Odd and even Kondo effects from emergent localisation in quantum point contacts

TL;DR

This paper demonstrates that many-body effects in quantum point contacts originate from spontaneously localized states due to Friedel oscillations, with Kondo signatures reflecting the parity of these states, advancing understanding of electron interactions at the nanoscale.

Contribution

It provides experimental evidence linking localized states and Kondo physics in tunable QPCs, revealing parity-dependent many-body phenomena.

Findings

Periodic modulation of many-body effects observed

Kondo signatures alternate with parity of localized states

Tunable QPCs serve as platforms for studying nanoscale many-body physics

Abstract

A quantum point contact (QPC) is a very basic nano-electronic device: a short and narrow transport channel between two electron reservoirs.

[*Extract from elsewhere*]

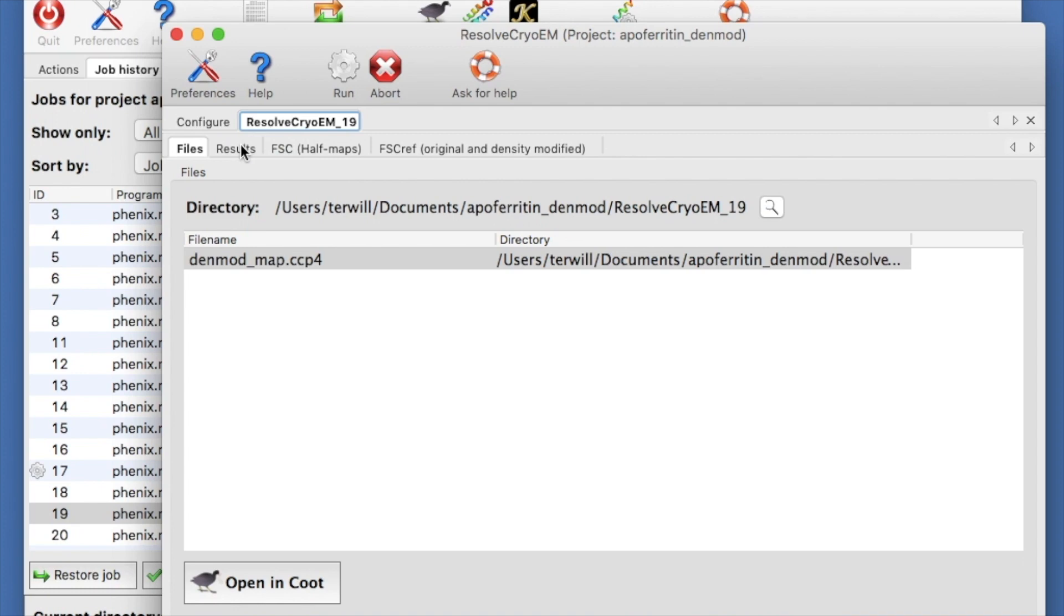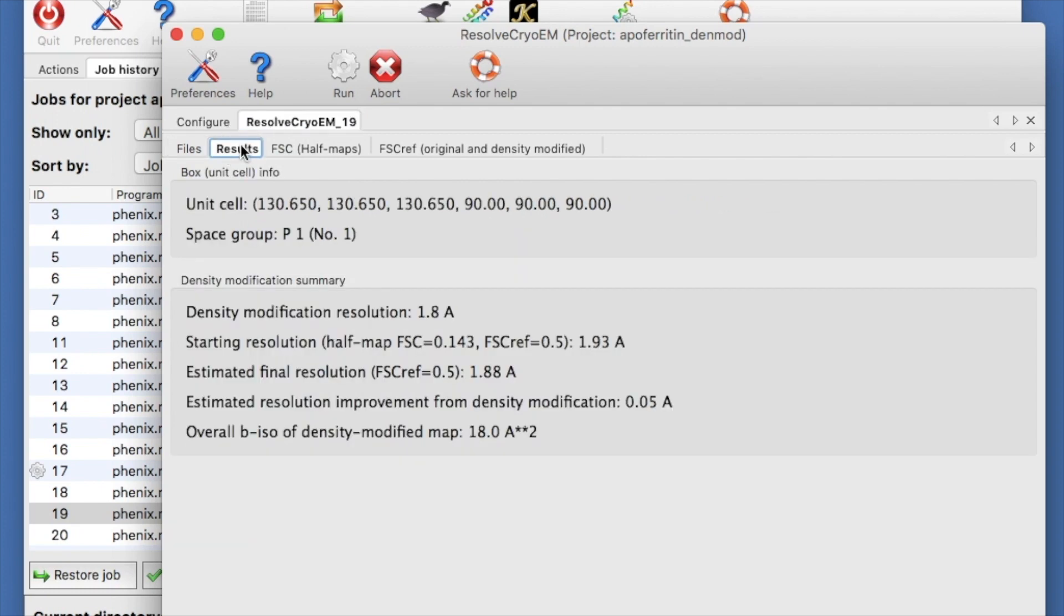After about 15 minutes, we get a new Results tab that shows us the resolution used in density modification, the starting resolution, the final resolution, and the estimated improvement.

In clean channels electron transport is ballistic and the conductance $G$ is then quantised as a function of channel width with plateaus at integer multiples of $2e^2/h$ ($e$ is the electron charge and $h$ Planck's constant). This can be understood in a picture where the electron states are propagating waves, without need to account for electron-electron interactions. Quantised conductance could thus be the signature of ultimate control over nanoscale electron transport. However, even studies with the cleanest QPCs generically show significant anomalies on the quantised conductance traces and there is consensus that these result from electron many-body effects. Despite extensive experimental and theoretical studies understanding of these anomalies is an open problem. We report evidence that the many-body effects have their origin in one or more spontaneously localised states that emerge from Friedel oscillations in the QPC channel. Kondo physics will then also contribute to the formation of the many-body state with Kondo signatures that reflect the parity of the number of localised states. Evidence comes from experiments with length-tunable QPCs that show a periodic modulation of the many-body physics with Kondo signatures of alternating parity. Our results are of importance for assessing the role of QPCs in more complex hybrid devices and proposals for spintronic and quantum information applications. In addition, our results show that tunable QPCs offer a rich platform for investigating many-body effects in nanoscale systems, with the ability to probe such physics at the level of a single site.